The UChicago team searched for the production of sleptons– assumed superpartners of the existing electron, muon, and tau leptons– utilizing data gathered in ATLAS, a particle detector at CERN. In the evaluated supersymmetry design, sleptons are thought to have long life times, suggesting they can take a trip far before decomposing into something noticeable by ATLAS.
” One of the ways we can miss out on brand-new physics is if the particle doesn’t decay promptly when it’s produced,” said Holmes. “Normally, we’re blind to long-lived particles in our searches, due to the fact that we essentially cut out anything that does not look like a basic prompt decay in our detector.”
Sleptons are expected to ultimately decay into their routine lepton partners.
In 4 years of collected ATLAS information, however, UChicago scientists discovered no displaced lepton occasions. That absence of discovery allowed them to set what is called a limitation, dismissing a series of masses and lifetimes that long-lived sleptons might have.
” We are at least 95%sure that, ought to a slepton in this design exist, it does not have the masses and lifetimes in the shaded portions of this plot,” said Lesya Horyn, recently minted PhD from UChicago who just recently completed her dissertation on this measurement.
Does a null outcome disappoint the team? Not at all.
” Finding nothing informs you so much,” Horyn said. Knowing that long-lived sleptons don’t have particular masses and life times notifies scientists on where to focus future searches.
” Supersymmetry truly is the most promising theory we have for resolving as lots of problems as possible in the Standard Model.”

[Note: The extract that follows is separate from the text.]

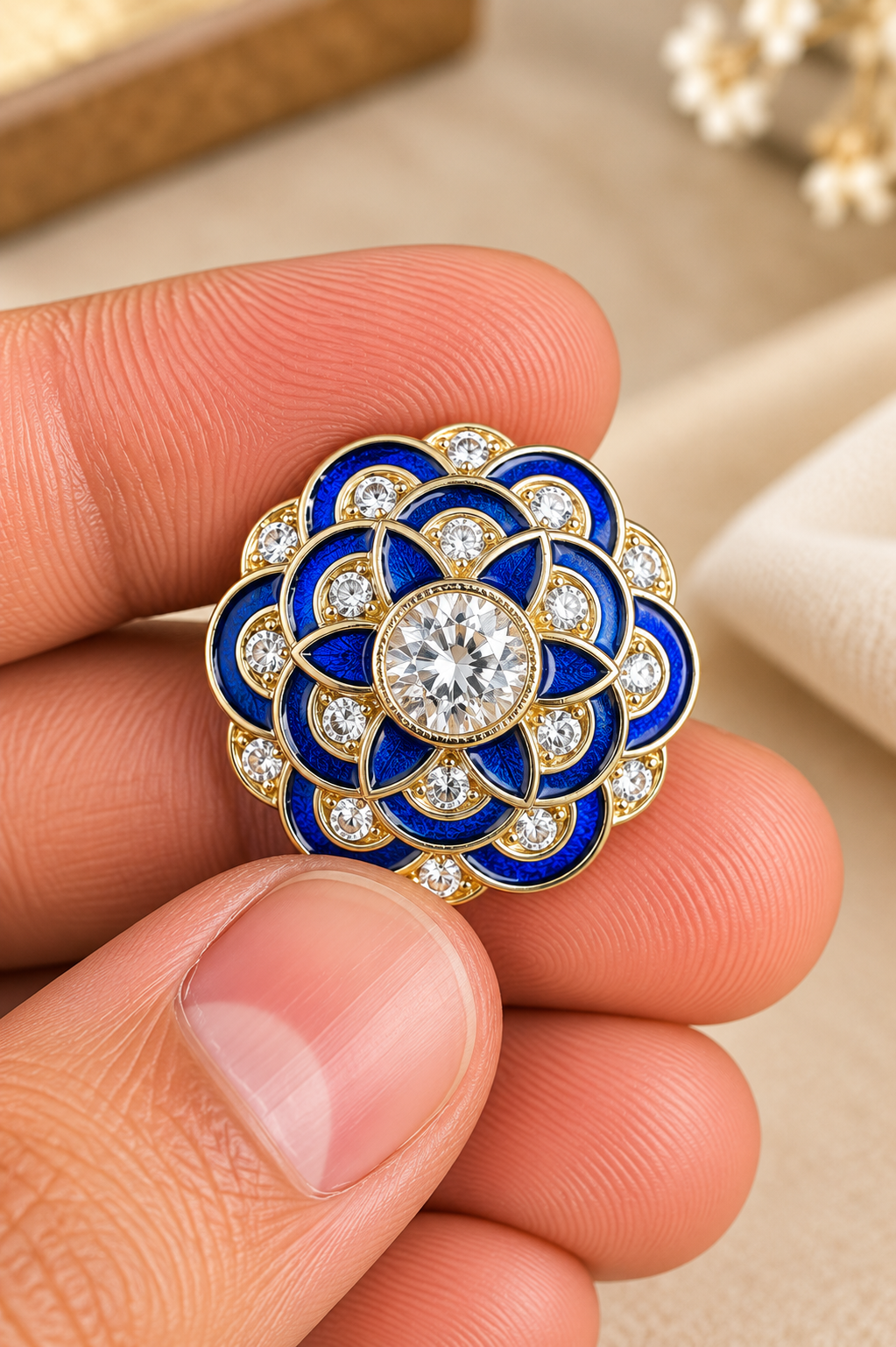 Royal Blue Floral Crystal Bandhgala Button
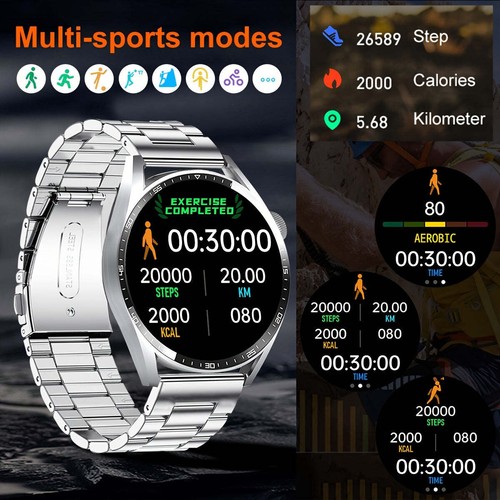 Men's Stainless Steel Strap Smart Watch With Wireless Call, Call And Message Rem - Picture 4 of 11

— Tova Holmes, assistant teacher at the University of Tennessee, Knoxville
” From my point of view, this search was the number one thing theorists were calling out to have covered,” Holmes stated. “It looked like we might do it– and we did!”
The result has stimulated the group to push the borders even further. At some time in the next decade, the Large Hadron Collider will enter its routine shutdown, leaving ample time for ATLAS hardware to be updated.
” This was a first pass at the analysis, so there are certainly positions to improve,” Horyn said.
One pushing upgrade will be a revamp of the trigger system, which selects whether occasions must be saved or thrown away. The trigger is currently optimized to save decays from temporary particles, not the long-lived sleptons central to this supersymmetry search.
More instant enhancements can be made without awaiting the shutdown.
” Future steps might consist of searching for the very same design using more robust data from the next runs of the Big Hadron Collider,” stated Xiaohe Jia, a college student at Harvard who worked on the experiment as a UChicago undergrad. Another route to check out, she said, could be utilizing similar methods to expand the long-lived particle search beyond simply sleptons.
For now, the completion of the Requirement Design stays a secret, but the team is proud to have actually led a first look for this supersymmetry design in ATLAS.
” Discovering brand-new physics resembles discovering a needle in a haystack,” Kim said. “Although we did not see anything in the current information, there is fantastic opportunity for the future!”
Recommendation: “Search for displaced leptons in √ s=13 TeV pp collisions with the ATLAS detector” by The ATLAS Partnership, 6 October 2020, ATLAS CONF Note.
Funding: National Science Structure.